In August of 2017 Forbes actually published an article on some of the greatest lessons aspiring innovators can learn from Ford and I’ve decided to share them with you here. First on this list is, “be so good at what you do that people think you invented it.” As I mentioned before, Ford did not invent the automobile, he did not have the proprietor rights, but he transformed the idea all together. Sometimes you don’t conceive an idea, but you see it to its completion—revisioning is a powerful tool because it requires the ability to un-see as well. Collaboration is a beautiful aspect of human invention, as they say: two minds are greater than one. The second lesson is “failures are opportunities.” Like many successful people before and after him, Henry Ford failed numerous times on the way to his legacy.

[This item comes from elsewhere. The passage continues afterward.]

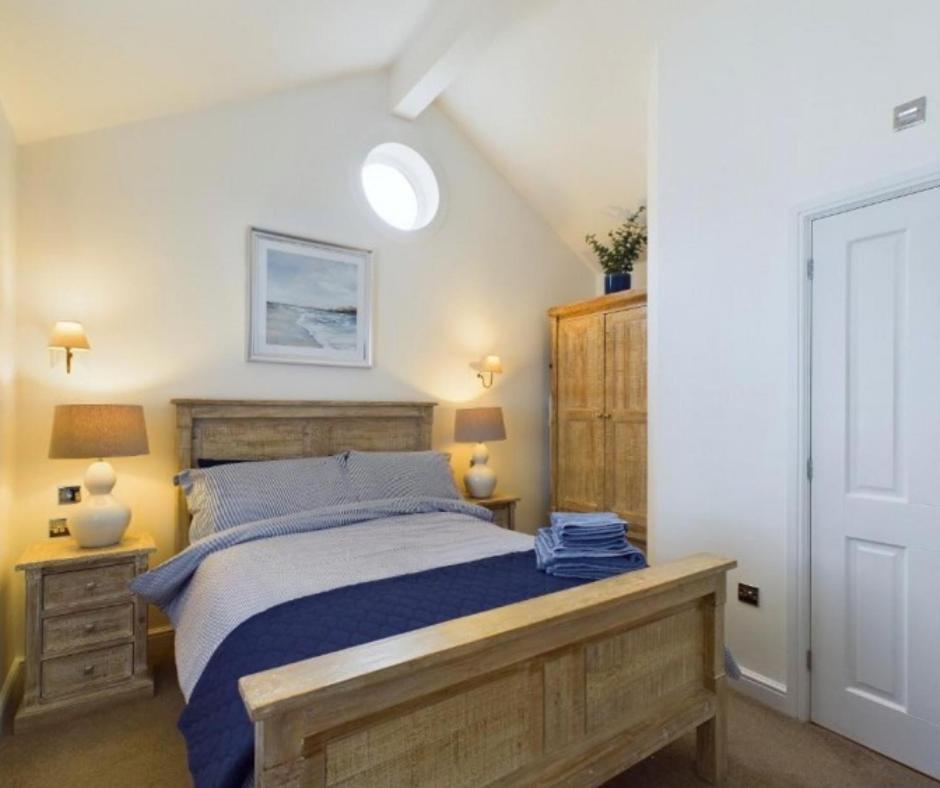 Jubilee Beach House Mijas Costa Ngoại thất bức ảnh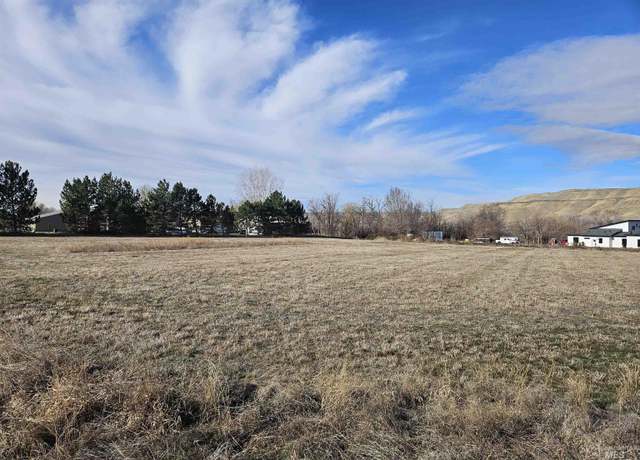Property at 150 Creekside, Hagerman, ID 83332-0000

The interesting thing about this is the selective nature to which people tend to recall his short comings. Embrace them, they’ll be little more than a bump on the road to success anyway—win some and learn some! Next on this list is “be as strong behind the scenes as you are anywhere else.” Henry Ford didn’t just talk the talk, but he also walked the walk. His inquisitive nature began with a pocket watch he wanted to learn the mechanics of.

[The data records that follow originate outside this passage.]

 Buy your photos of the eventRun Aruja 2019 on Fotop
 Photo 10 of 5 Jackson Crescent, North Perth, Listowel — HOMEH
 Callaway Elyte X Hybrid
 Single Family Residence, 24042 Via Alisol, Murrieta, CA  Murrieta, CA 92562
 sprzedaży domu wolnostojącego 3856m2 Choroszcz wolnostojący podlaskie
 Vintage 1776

As a boy he wasn’t doing this in hope of making money. One famous quote of his was, “Quality means doing it right when no one is looking” and he exemplified that over the duration of his life. Next on Forbes’ list is “don’t be a show off” like many highly successful people, Ford freed up cognitive space by dressing in casual clothes and wasn’t over concerned with his outward image. Instead he let his work speak for himself and expected people to know who he was not, how he looked. Lastly, “don’t be in the business of making money” Ford fought for his brand and would make it so his workers got competitive wages from the beginning. Henry Ford was famous not because of the money he made (which was a lot, don’t get me wrong), but because of his brand which people needed. Ford was not a perfect person, and was notorious for his problematic opinions, but he was an excellent entrepreneur in practice. Perhaps with a nuanced application of something in demand you can bring innovation to today’s existing technology as Ford did!